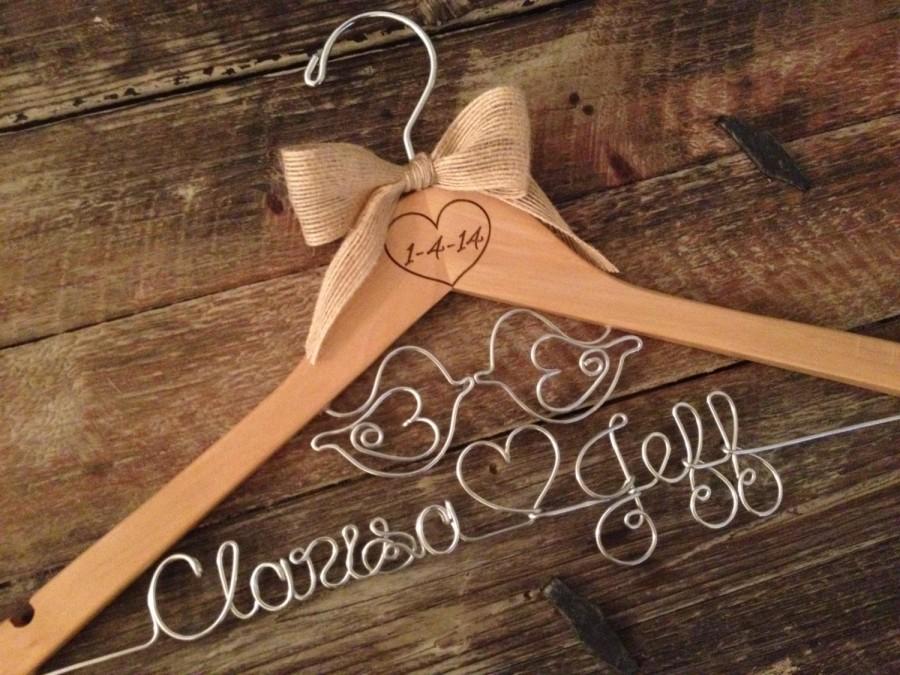 Свадьба - Bridal Hanger / LOVE BIRDS Hanger / Love Birds Wedding / Bride Hanger / Rustic Wedding Hanger / Personalized Hanger / Wedding Hanger
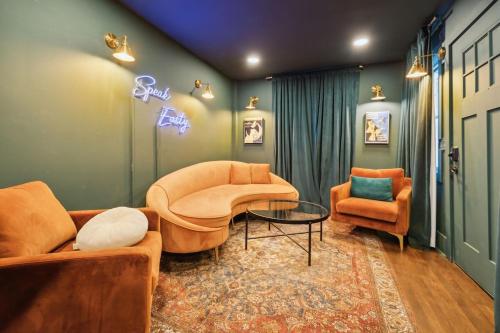 Speakeasy. East Nash. Hot tub. Mins to Broadway – khách sạn tại Đông Nashville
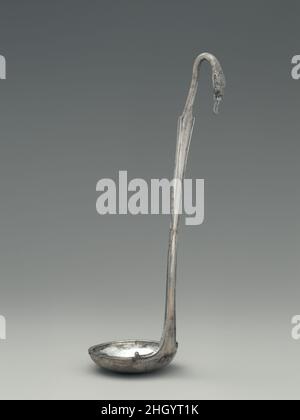 Argent kyatos (ladle en forme de tasse) fin du 4th siècle avant J.-C. grec, Sud-italien en 1895 la tombe d'un guerrier gaulois a été excavée dans une nécropole à Montefortino, à environ trente milles à l'ouest d'Ancona dans le centre de l'Italie.Le cimetière est celui de Gaulois qui, au quatrième siècle av. J.-C., a commencé à envahir le centre de l'Italie et à organiser des raids aussi loin au sud qu'Apulia.Le tombeau contenait des armes de fer, des navires en bronze et en terre cuite, ainsi qu'un anneau en or et cinq navires en argent qui auraient dû être apportés comme butin d'une autre partie de l'Italie.Le panier comprend un pichet argenté (08.258.51), un bol argenté avec des poignées oscillantes Banque D'Images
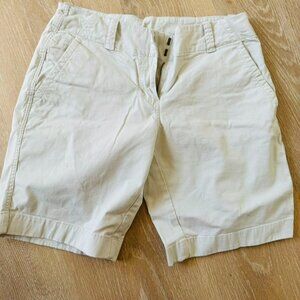 Vineyard Vines Chino Shorts --Size 2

┄┄┄┄┄┄┄┄┄┄

_Exercise details_
Skipping the pictures, transcribe each line above exactly as it appears.

_Written solution_
 Свадьба - Bridal Hanger / LOVE BIRDS Hanger / Love Birds Wedding / Bride Hanger / Rustic Wedding Hanger / Personalized Hanger / Wedding Hanger
 Speakeasy. East Nash. Hot tub. Mins to Broadway – khách sạn tại Đông Nashville
 Argent kyatos (ladle en forme de tasse) fin du 4th siècle avant J.-C. grec, Sud-italien en 1895 la tombe d'un guerrier gaulois a été excavée dans une nécropole à Montefortino, à environ trente milles à l'ouest d'Ancona dans le centre de l'Italie.Le cimetière est celui de Gaulois qui, au quatrième siècle av. J.-C., a commencé à envahir le centre de l'Italie et à organiser des raids aussi loin au sud qu'Apulia.Le tombeau contenait des armes de fer, des navires en bronze et en terre cuite, ainsi qu'un anneau en or et cinq navires en argent qui auraient dû être apportés comme butin d'une autre partie de l'Italie.Le panier comprend un pichet argenté (08.258.51), un bol argenté avec des poignées oscillantes Banque D'Images
 Vineyard Vines Chino Shorts --Size 2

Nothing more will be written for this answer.